GOP Gets $10k Donation from Law Firm that Cleared Chris Christie in Bridge Scandal
GOP Gets $10k Donation from Law Firm that Cleared Chris Christie in Bridge Scandal

The law firm hired by New Jersey Gov. Chris Christie to exonerate him of wrongdoing in the George Washington Bridge scandal has donated $10,000 to the GOP. The New York City-based firm of Gibson, Dunn & Crutcher LLP donated the money to the national Republican Governors Association (RGA), which Christie leads, just a few days after their investigation cleared him of wrongdoing. The report was made publicly available on March 26 and the firm made their donation to the RGA on March 31, as reported by the Bergen Record.
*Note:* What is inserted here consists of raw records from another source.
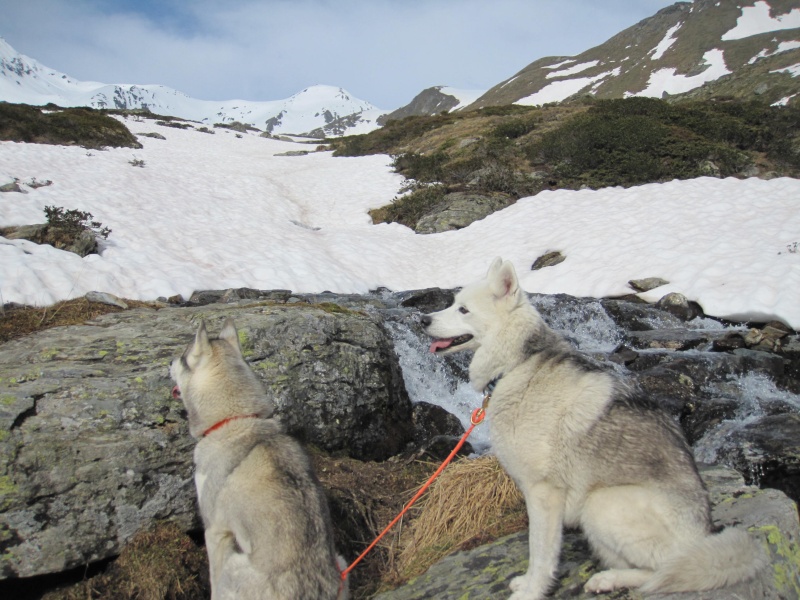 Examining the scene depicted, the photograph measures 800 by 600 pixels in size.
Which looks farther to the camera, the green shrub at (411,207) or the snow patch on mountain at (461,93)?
the snow patch on mountain at (461,93)

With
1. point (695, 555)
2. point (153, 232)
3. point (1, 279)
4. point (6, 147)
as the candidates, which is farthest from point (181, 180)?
point (695, 555)

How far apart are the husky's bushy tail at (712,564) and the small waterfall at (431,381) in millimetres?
5703

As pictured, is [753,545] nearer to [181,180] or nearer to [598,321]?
[598,321]

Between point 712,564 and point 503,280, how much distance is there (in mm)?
2389

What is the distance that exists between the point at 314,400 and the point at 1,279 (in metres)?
6.24

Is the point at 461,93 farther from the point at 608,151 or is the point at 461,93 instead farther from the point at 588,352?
the point at 588,352

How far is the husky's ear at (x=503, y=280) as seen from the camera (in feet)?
13.5

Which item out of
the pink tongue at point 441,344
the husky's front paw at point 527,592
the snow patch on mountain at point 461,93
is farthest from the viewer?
the snow patch on mountain at point 461,93

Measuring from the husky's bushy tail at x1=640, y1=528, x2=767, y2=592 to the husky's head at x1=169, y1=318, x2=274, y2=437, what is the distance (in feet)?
10.5

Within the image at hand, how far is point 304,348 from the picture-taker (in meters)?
6.43

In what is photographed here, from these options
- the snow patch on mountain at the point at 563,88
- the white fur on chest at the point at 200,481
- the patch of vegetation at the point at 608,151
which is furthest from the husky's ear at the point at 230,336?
the snow patch on mountain at the point at 563,88

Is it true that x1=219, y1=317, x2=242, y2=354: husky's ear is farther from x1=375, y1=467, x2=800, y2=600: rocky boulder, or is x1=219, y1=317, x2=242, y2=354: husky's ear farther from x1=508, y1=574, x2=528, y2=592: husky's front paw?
x1=508, y1=574, x2=528, y2=592: husky's front paw

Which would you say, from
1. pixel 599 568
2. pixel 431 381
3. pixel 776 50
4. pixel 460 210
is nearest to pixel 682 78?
pixel 776 50

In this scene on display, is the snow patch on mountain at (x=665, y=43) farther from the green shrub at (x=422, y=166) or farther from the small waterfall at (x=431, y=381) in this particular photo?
the small waterfall at (x=431, y=381) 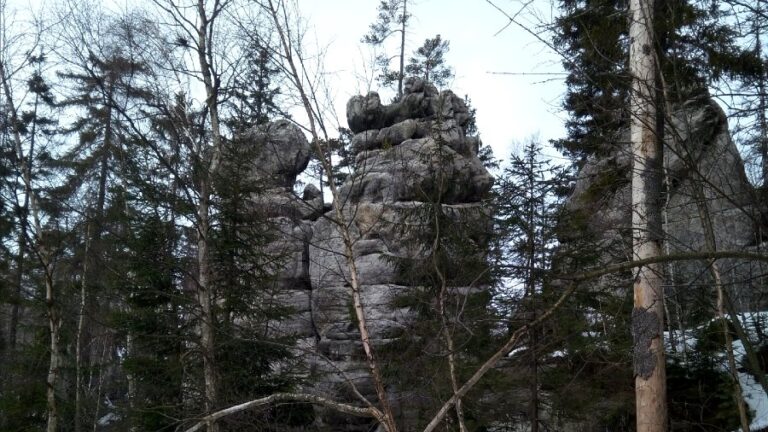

Through his aides and associations, Christie was linked to what appeared to be a deliberate act to slow traffic on the busy bridge between New York City and Fort Lee, New Jersey last year. He has denied any knowledge of or involvement in the affair.

Christie took the helm of the RGA in late Nov. 2013, and Gibson Dunn’s contribution to Christie’s organization is one of more than 1,000 of varying amounts to the GOP since the beginning of 2014. The details of contributions are the first public glimpse of how Christie has fared leading the organization when it comes to fundraising, though they are not short on cash.

According to the RGA, they started the 2014 election cycle with more than $45 million in cash.

For the New Jersey governor and potential presidential hopeful, they should be allowed to collect much more. At a town hall event on Tuesday, Christie argued for an end to national limits on political donations, as long as they are made public.

The Gibson Dunn investigation, which is available online, consists of interviews with 75 individuals about the incident with the bridge. Dawn Zimmer, the mayor of Hoboken, New Jersey was the most frequently mentioned person during the interviews, which is more than 400 pages. In January, Zimmer leveled allegations that Christie had clearly signaled to her to support a development project in her town or risk slowing Superstorm Sandy recovery funds.